Carrie Doehring, Ph.D.

Second Advisor

Larry Graham

Third Advisor

Arthur Jones

Keywords

Korean American, Marginality, Narrative therapy, Pastoral care and counseling, Pastoral theology, Religious coping

Abstract

Focusing on Korean American experiences of racism, sexism, and intergenerational conflicts related to the acculturation process, this dissertation examines the social reality of marginality and constructs a communal contextual narrative approach to pastoral care. Current approaches to pastoral care in the Korean American church encourage a deferring style of religious coping that maintains the status quo—the internalized status of marginality—without activating self agency for the fulfillment of one’s own selfhood within the communal life of religious communities. A communally grounded sense of self agency is described in terms of three aspects of Korean indigenous culture: 1) uri (we-ness), 2) jeong (communal empathic connection), and 3) han (the experience of suffering from interdependent injustice).
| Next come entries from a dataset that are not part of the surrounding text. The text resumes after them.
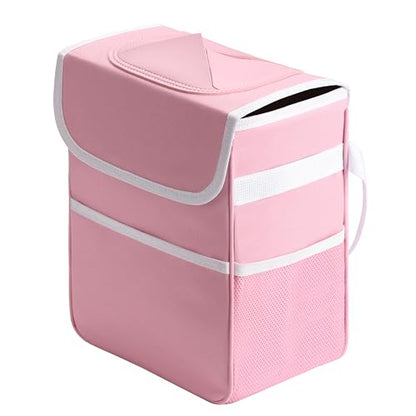 Healsmart 2 Gallon Car Trash Can Lid and Storage Pockets, Leak-Proof Collapsible and Portable Organizer, Multipurpose Garbage Bin with Adjustable Straps, Pink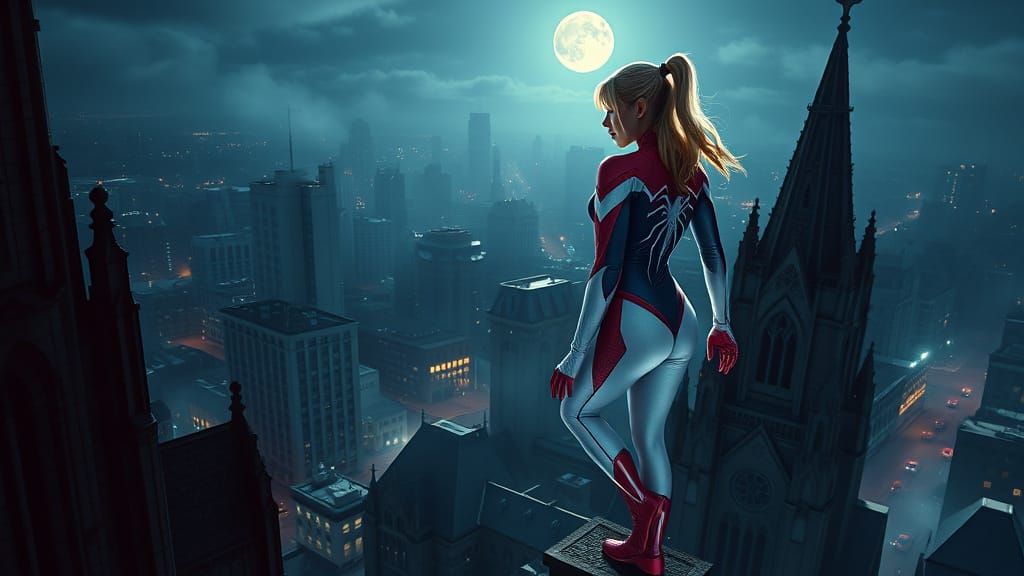 Spider-Gwen Cosplay on Gothic Cathedral Rooftop in Moonlit C...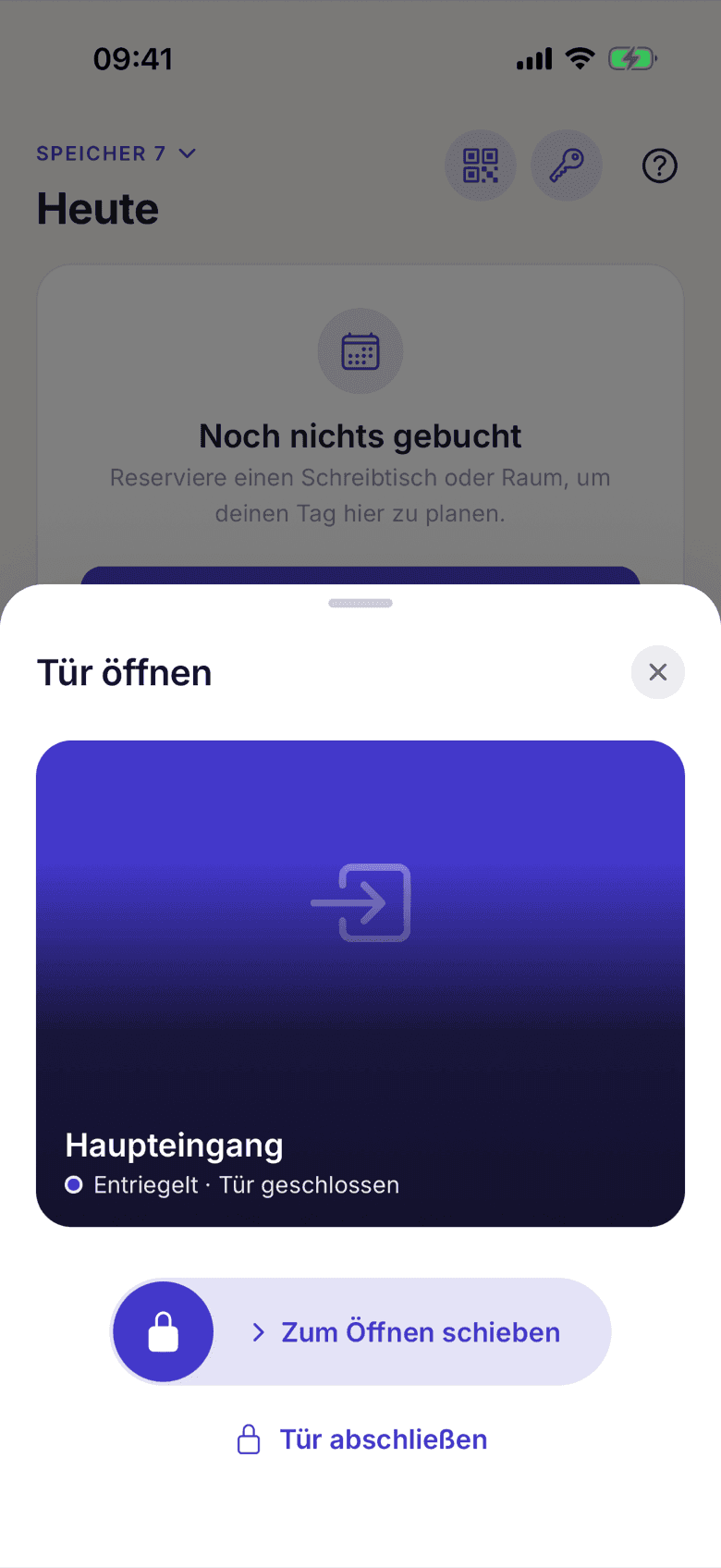 Türwähler mit dem Schieber zum Öffnen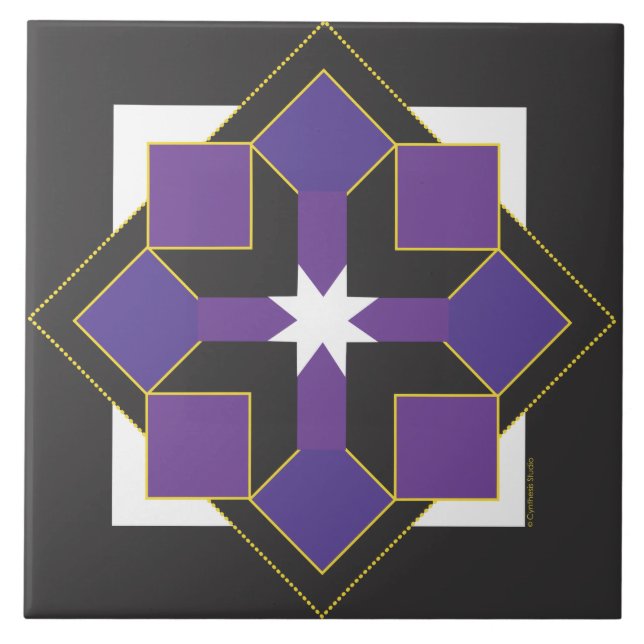 Star Block Tile, Trivet or Top - Purple & Black (Front)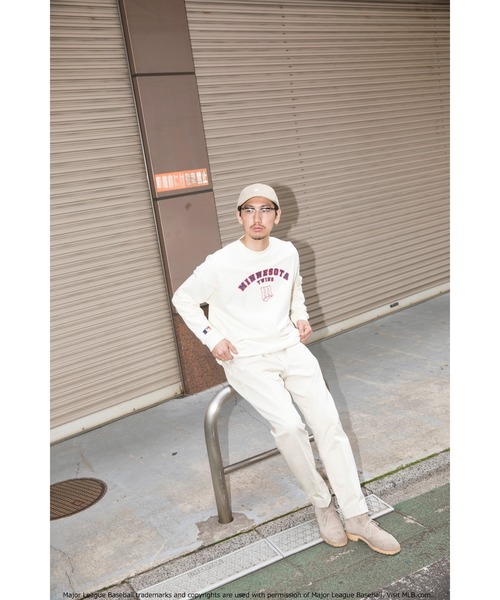 Munsingwear Grand-Slam（マンシングウェア　グランドスラム）の「MLB×Munsingwear クルーネックスウェットシャツ（スウェット・メンズ・ホワイト/ベージュ/ブラック・S/L/XL/M）」の4枚目の写真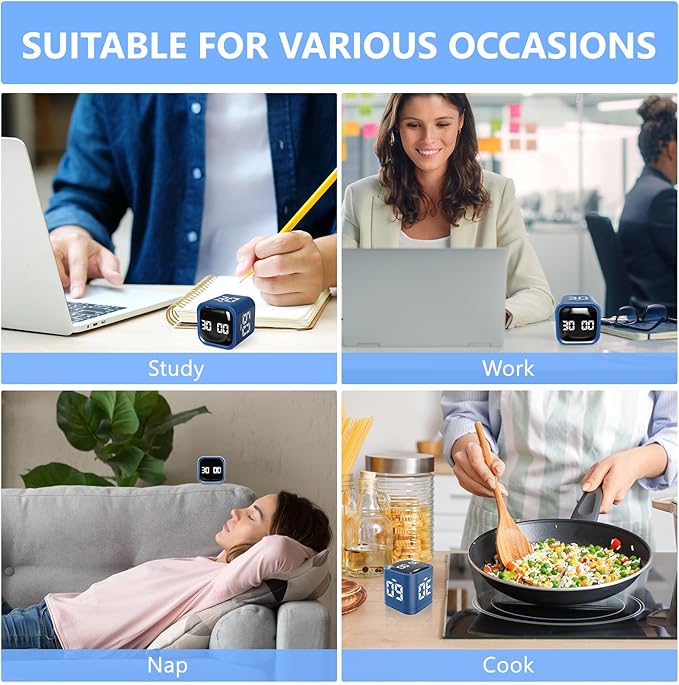 GuDoQi Multi-Function Cube Timer, 5/10/30/60 Min & Custom Count Down, Included Pause & Resume Feature, Silent, Vibrate & Adjustable Sound Alarm for Productivity in Tasks,Study & Kitchen, Classic Blue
A communal contextual narrative approach challenges the limitations of passive (deferring) ways of coping that disengage personal narratives from biblical narratives. This approach encourages a collaborative coping style, which emphasizes the partnership of human agency with divine agency in the context of the faith community. Asian (Korean) American feminist theologies, along with theologies of divine marginalization are used to describe a process of deconstructing dominant and destructive narratives and reconstructing alternative liberating narratives based on biblical stories about marginalization. In elaborating how to implement this model of pastoral care, this dissertation draws upon 1) narrative therapy approaches developed by White (1990, 2007) and other narrative therapists; 2) the “biblical narrative model” developed by Wimberly (1994, 2003, and 2008); and 3) the indigenous practice of han-pu-ri as a process of change. Four steps are outlined: 1) evoking sacredness, 2) naming and externalizing the problem, 3) re-authoring one’s story, and 4) re-membering and reconnecting with the community and God.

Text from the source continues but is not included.